*** Records supplied ***

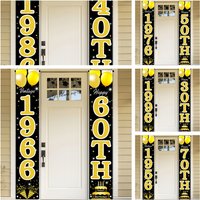 Black Gold Vintage Birthday Door Banner Glitter Number Year Cake Star Vertical Couplets for 30th-70th Adult Birthday Porch Decor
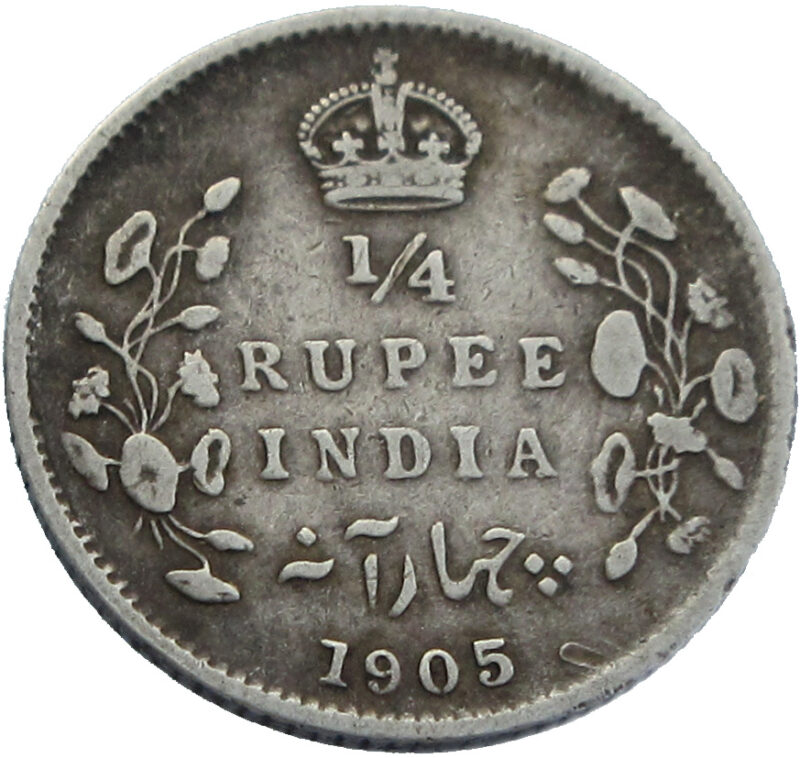 1905 1/4 Rupee King Edward VII Silver Coin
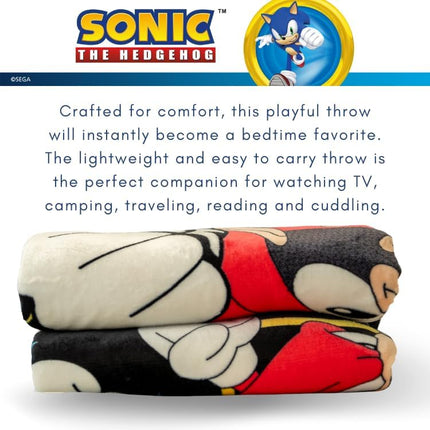 Franco Sonic The Hedgehog Kids Soft Plush Sherpa Duvet Cover Set, 50" x 60" (Officially Licensed)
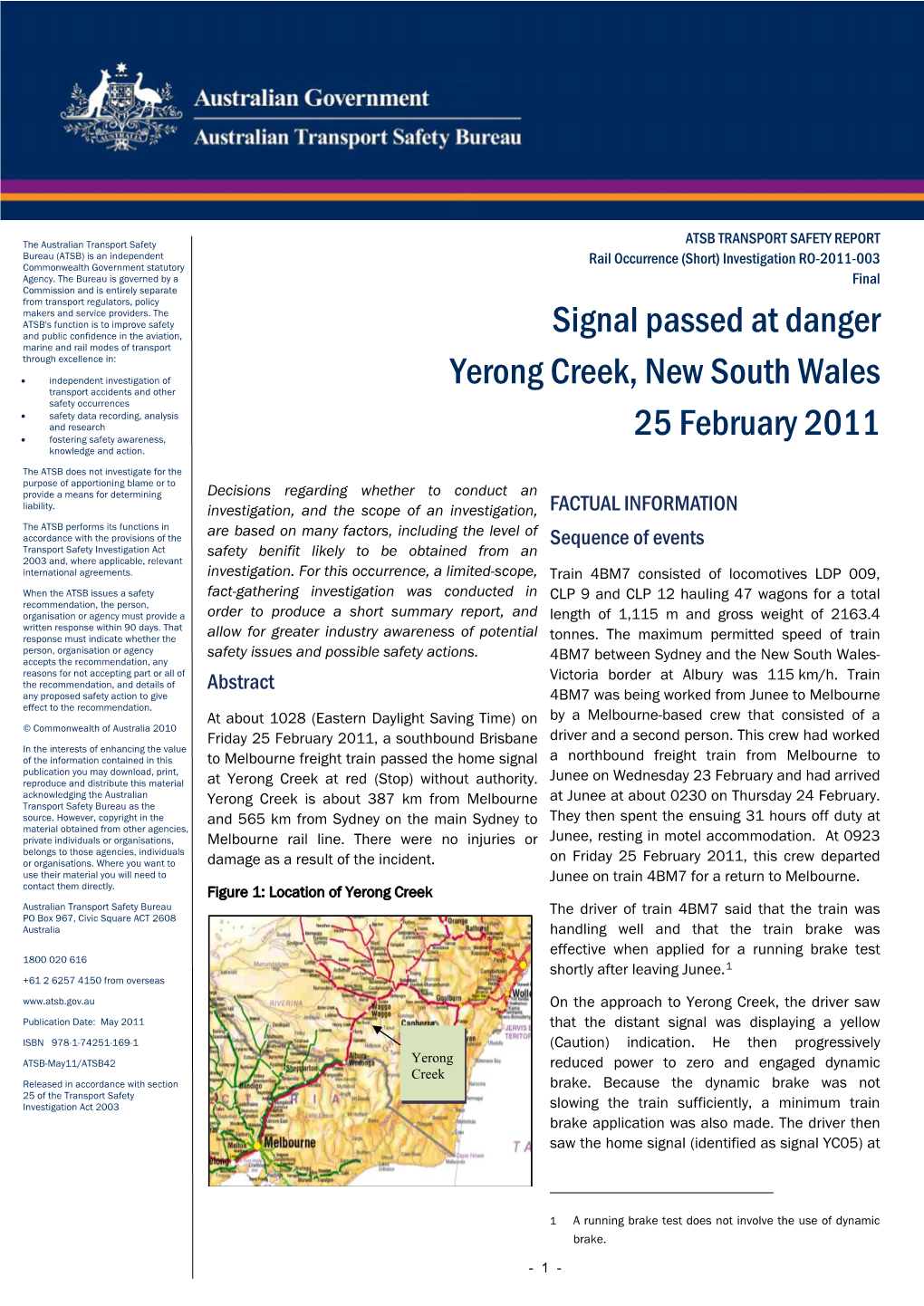 Signal Passed at Danger Yerong Creek, New South Wales, 25 February 2011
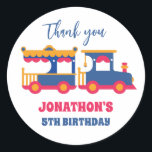 Carnival Train for Kids Birthday Party Favour Classic Round Sticker<br><div class="desc">Cute party favours for kids,  boys or girls who train and railway. Perfect for kids birthday party,  party favours and thank you label. You can also customise the text for baby shower or other occasion and party.</div>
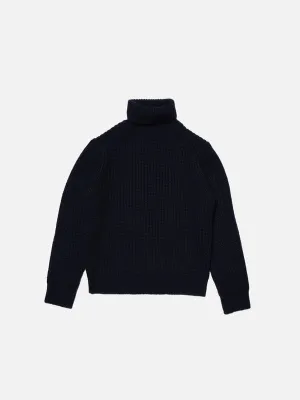 august chunky rollneck knit sweater in navy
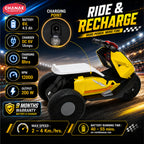 Chanak Kids Electric Scooty, 6V Rechargeable Scooter, 3 Wheel Electric Ride On Scooter, Heavy Duty Ride-On Bike for Boys & Girls with Tires & Easy Steering Handlebar, Kids Electric Scooty 3+, (Yellow)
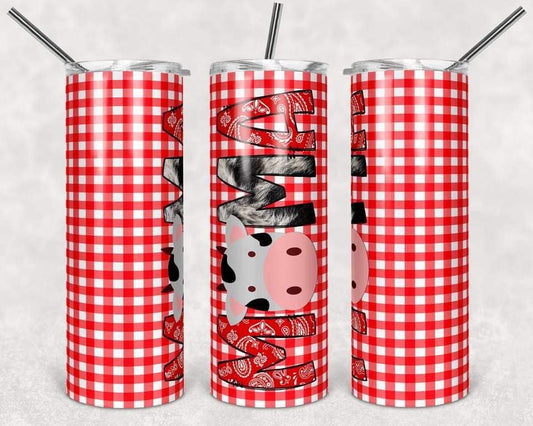 Cow Mama - 20 oz or 30oz Skinny Tumblers w/ Lid and Metal Straw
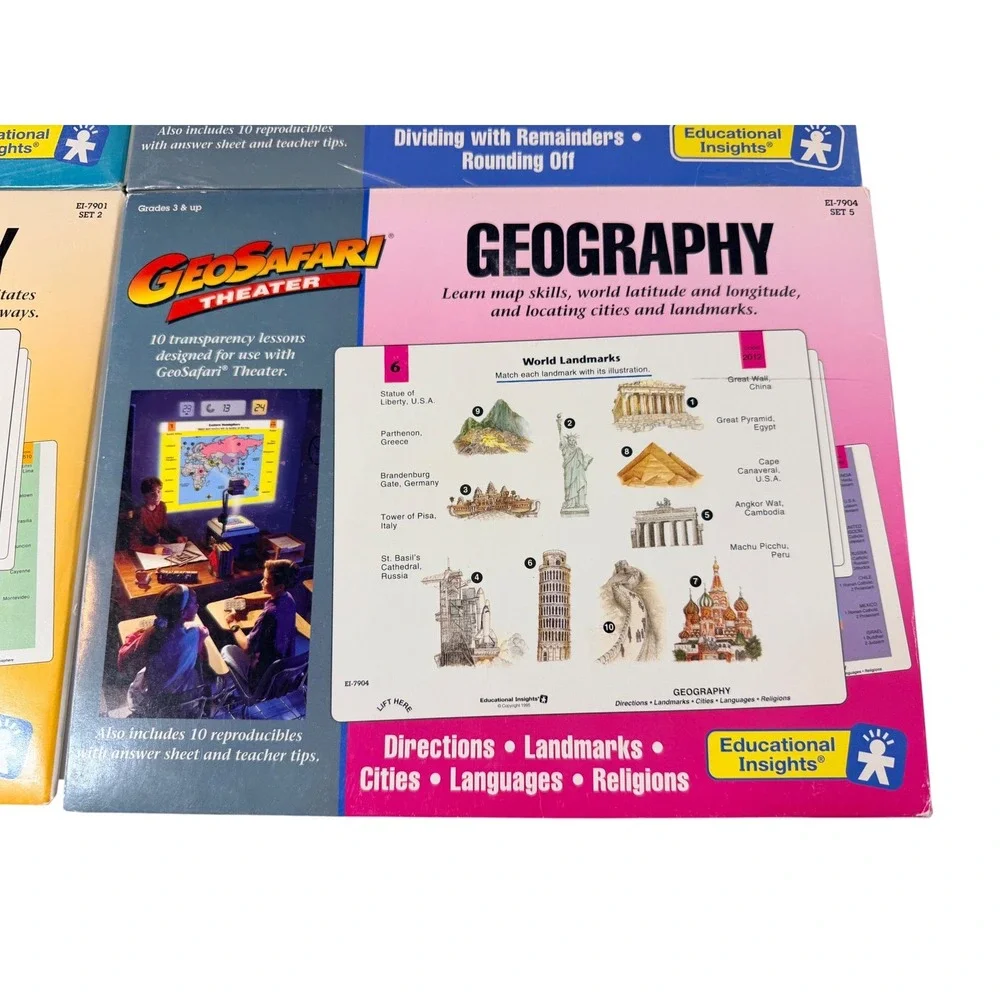 GeoSafari Theater Educational‎ Set of 4 Math Sealed Geography Lessons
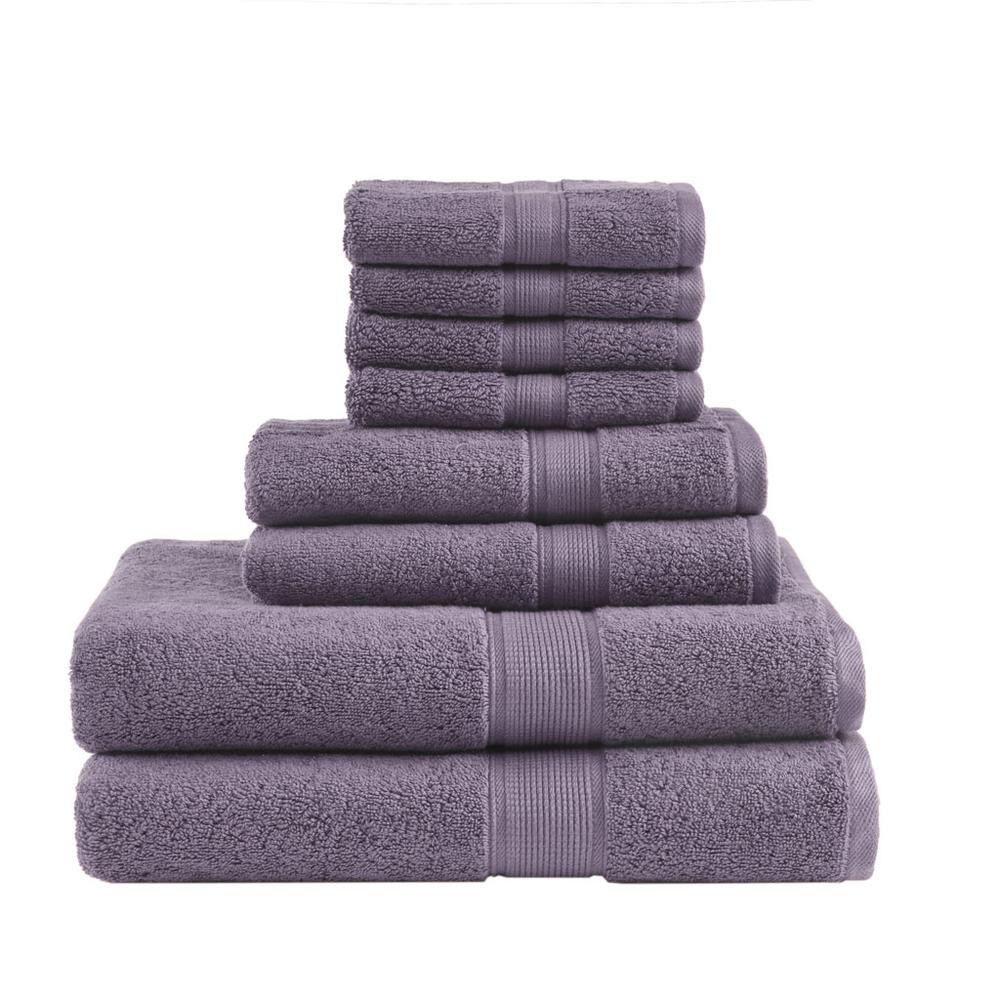Start2Finish 8-piece antimicrobial cotton towel set featuring soft, absorbent towels in various sizes for bathroom use.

*** End of Records supplied ***

> Exercise
In the records above, find the line that contains "august chunky rollneck knit sweater in navy", then write it out along with every line after it, exactly, through the last one. Leave the pictures out.

> Result below
 august chunky rollneck knit sweater in navy
 Chanak Kids Electric Scooty, 6V Rechargeable Scooter, 3 Wheel Electric Ride On Scooter, Heavy Duty Ride-On Bike for Boys & Girls with Tires & Easy Steering Handlebar, Kids Electric Scooty 3+, (Yellow)
 Cow Mama - 20 oz or 30oz Skinny Tumblers w/ Lid and Metal Straw
 GeoSafari Theater Educational‎ Set of 4 Math Sealed Geography Lessons
Start2Finish 8-piece antimicrobial cotton towel set featuring soft, absorbent towels in various sizes for bathroom use.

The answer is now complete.